I usually share dinner with Father Anthony in our retreat house. Anthony says grace for our guests, and then we head to the kitchen and sit together and share a meal.
Often there are friends at the table -- Anne, who sets out the food, and Rocky, a mutual friend. There are also others who come join us on occasion. Red is a good friend. As are Sandy, Geoffrey, Salena, Patti and Linda.
Anthony is there almost every night. He is good company. He is easy to be with. We are comfortable with each other; we do not feel any pressure to fill the evening with words. I am comfortable with the silence.
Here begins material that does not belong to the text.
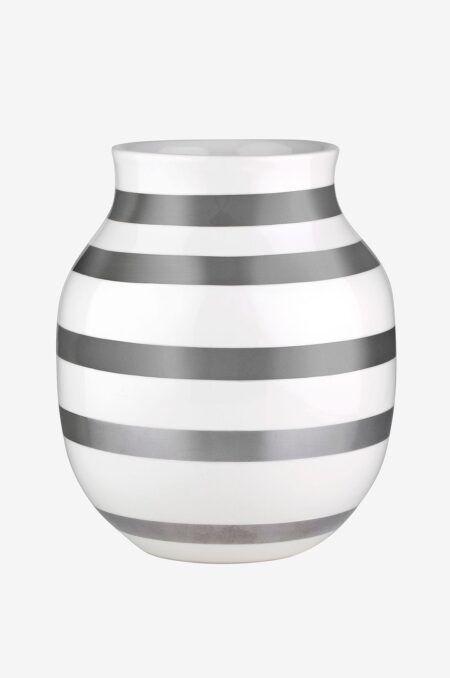 Kähler - Vase Omaggio, H20 - Sølvfarvet - Urtepotteskjulere & vaser - - Homeroom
It is a warm, friendly silence, the kind that reminds me of what it was like when I was home with my family.
Last night, Ann was reminiscing about how things were when she was young. She was talking about how coffee was made. As the pot brewed, the conversations she shared with her family brewed as well. There was no rush.
She grew up in Michigan and often talks of the way things used to be. Over the years, she has filled me in on a lot of her family life and news. It is obvious that her family is where her heart is. She smiles as she speaks of her mom and dad, her siblings, of snowy months in Detroit, of her dad's hard work at the factory, of Christmases, birthdays, anniversaries, the small shops -- in short, the warm memories of a bygone era.
She has showed me old photographs from those days. Most of the people have passed on. She cherishes the photos, and has kept up the habit of taking pictures of her grandchildren.
We spend a good part of our day here trying to get a handle on the reality or truth of God. It is, I suppose, a lofty endeavor. I really do not know how far we get, how successful we ever are in catching the tail of the divine as it moves through this life.
But every now and then I am taken aback. I find myself jolted by a revelation that has something to do with dinner chats and slowly brewing coffee on a long-gone stove. We gather in a beautiful church, chanting psalms in the hope of catching the ear of God, and I at times realize that God comes to us with the aroma of coffee, with the slow burn that is life, with the very ordinary things that capture our hearts in the daily routines of human life.
When Anthony tells me about his youth, I love to listen to him. I am not thinking about God then, as Anthony tells me different and charming things about his early years. It is only later that I realize that in the truth of who he was as he was growing up, there is a truth of God, as well.
It is as if we cannot concentrate on God while at the same time listen to each other, remember with each other, over a good meal and a few cups of coffee.
I have often heard some of the monks say that it is possible to find God alone in meditation. Maybe I have had that experience but, honestly, it is not all that clear to me. My mind wanders. And come dinner time, we say grace and I can smell the coffee.
We move into the kitchen, having said our brief prayer, and then the ordinariness resumes. I must say it is as beautiful as it is ordinary.
Anthony bows his head when he says the words of grace. Last night, I watched him at the table, as he sliced and orange and spoke. His head was bowed just a bit.
Anne chimed in about the coffee, and how good things were, she said.
Now I think to myself, yes, how good things are. Life is a revelatory mystery, alive with the presence of God, the slow burning lover who seeps into a little kitchen where the coffee is brewed and memories are warmly spoken.